C’était il y a deux ans presque jour pour jour. Le 19 novembre 2013 exactement. Et déjà, une majorité d’entre eux étaient sur la pelouse du Stade de France : Pyatov, Shevchuk, Rakytskiy, Konoplyanka, Yarmolenko… À quatre pattes, allongés sur le sol, les larmes aux yeux. Car ce soir-là, la France s’était sublimée, survoltée, transcendée. Un homme en particulier avait explosé le mur jaune. Mamadou Sakho, par deux fois, du pied et du genou, était entré dans leur champ de vision pour devenir aujourd’hui encore un douloureux souvenir.
Mikhaïl Fomenko s’en souvient. Il était lui aussi déjà sur le banc : « Il y a deux ans, contre la France, nous avions manqué d’expérience, nous étions une jeune équipe. Au retour, la France a changé beaucoup de choses, alignant cinq nouveaux joueurs, et s’était montrée meilleure. Nous avons appris de cette défaite et ferons en sorte de ne pas reproduire les mêmes erreurs. » Un discours qui se veut optimiste et humble, servi par les leçons du passé.

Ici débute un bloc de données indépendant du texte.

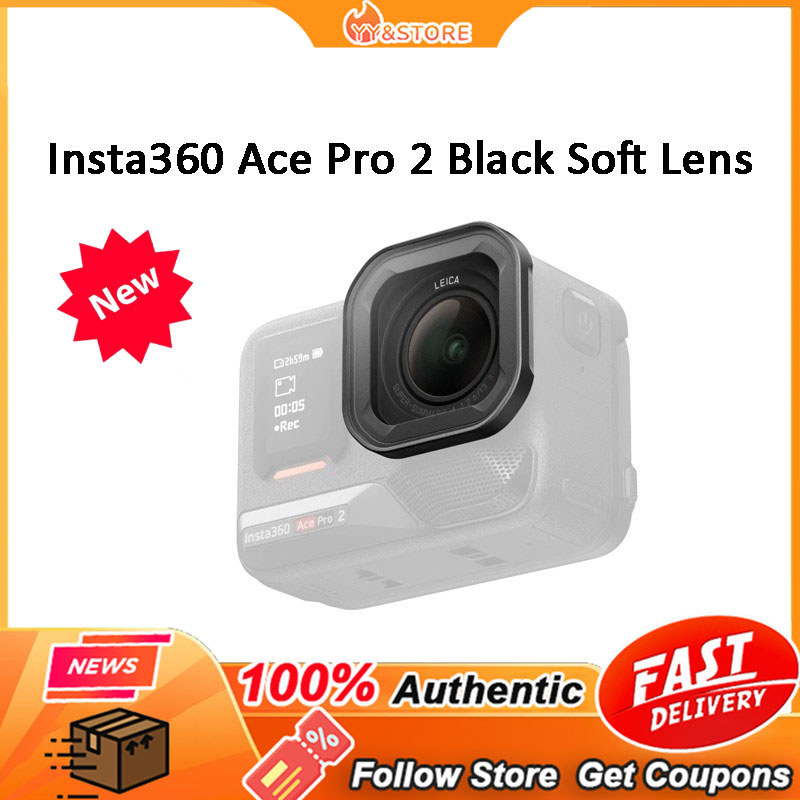 ต้นฉบับใหม่ Insta360 Ace Pro 2 เลนส์นุ่มสีดําสําหรับอุปกรณ์เสริมสําหรับกล้อง Ace Pro 2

Une bête noire à cinq têtes
Seul problème : le visage de Mamadou Sakho n’est pas le seul à hanter leur mémoire. En 1997, c’était celui de Bokšić avec la Croatie. En 1999, c’était celui de Pavlin avec la Slovénie (déjà). En 2001, c’était celui de Ballack avec l’Allemagne. Et enfin en 2009, c’était celui de Salpingidis avec la Grèce. À chaque fois, le cauchemar a un visage différent. À chaque fois, l’aller ne se passe pas trop mal, comme ce week-end, toujours selon le coach ukrainien : « On a remporté la première mi-temps de notre barrage. Je suis ravi de ne pas avoir concédé de but. »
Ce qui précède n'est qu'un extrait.